Pandora Media Inc., grappling with rising music costs, expects the royalties it pays to artists and record labels to decline to 40 percent of revenue from about 60 percent now, Chief Financial Officer Mike Herring said.
The company, the biggest Internet radio provider, expects to reach that target over the next few years, Herring said today at an investor conference sponsored by Roth Capital Partners in Dana Point, California.
The company is tackling royalty rates and seeking to boost the revenue it gets from advertising. With targeted ads and interactive features, Pandora is able to levy a premium over radio spots, Herring said. The company is working to close the gap between its ad revenue, now at about 1 percent of the radio industry’s total, and its 8.5 percent listener share, he said.
“It’s a long road,” Herring said.
Pandora, based in Oakland, California, fell 0.7 percent to $13.72 at the close in New York.
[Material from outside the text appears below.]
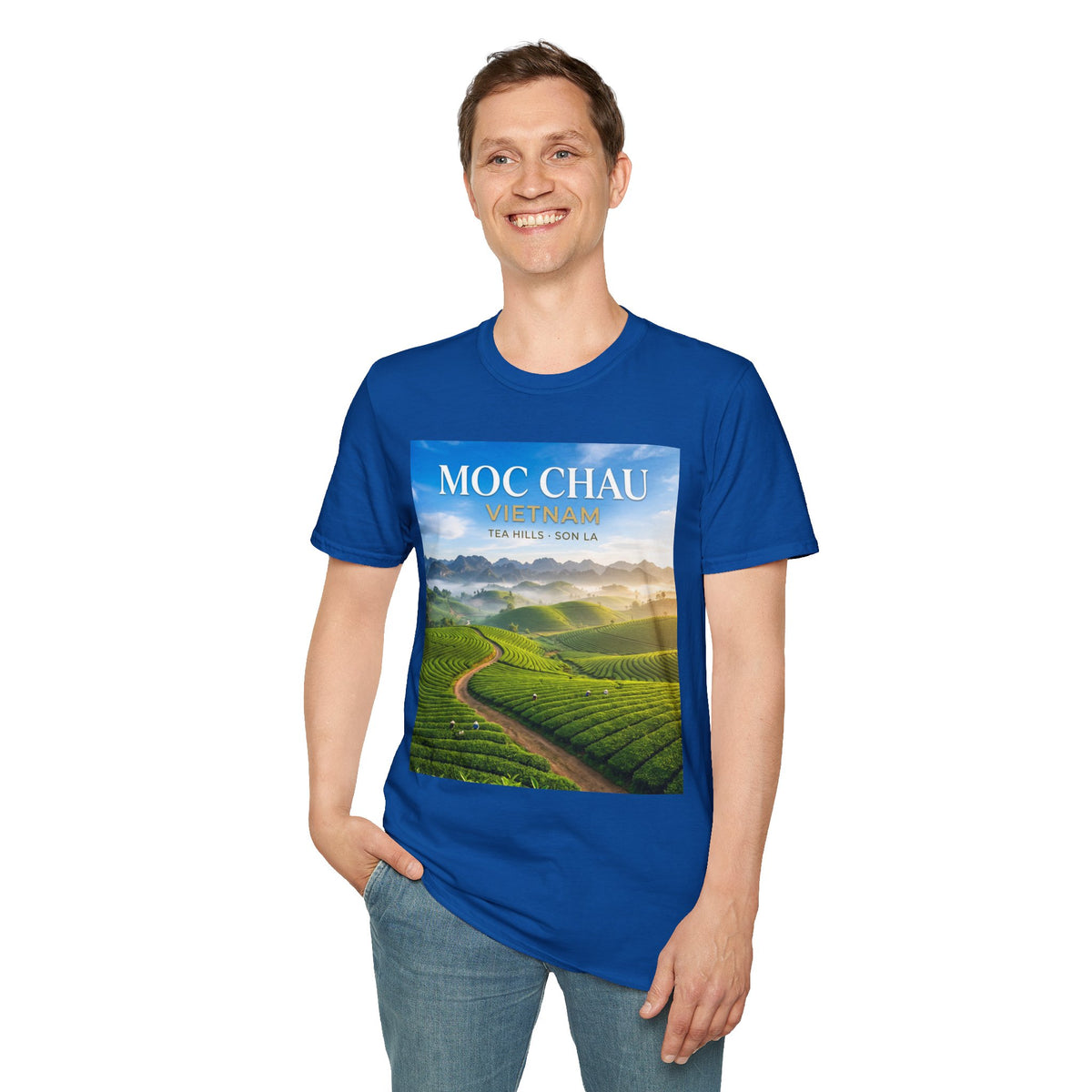 Moc Chau Vietnam Tee – Tea Hills of Son La Scenic Travel T-Shirt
The stock has climbed 49 percent this year.
On March 7, the company reported better-than-expected fourth-quarter results and said Chief Executive Officer Joe Kennedy would be leaving.
Music costs amounted to 61 percent of the company’s $125.1 million in revenue during the quarter ended Jan. 31, the company said. That compares with 59 percent a year earlier.
Pandora is gearing up for “a long debate” on setting royalties for 2016 and beyond, Herring said. A two-year arbitration process to set new rates begins in January.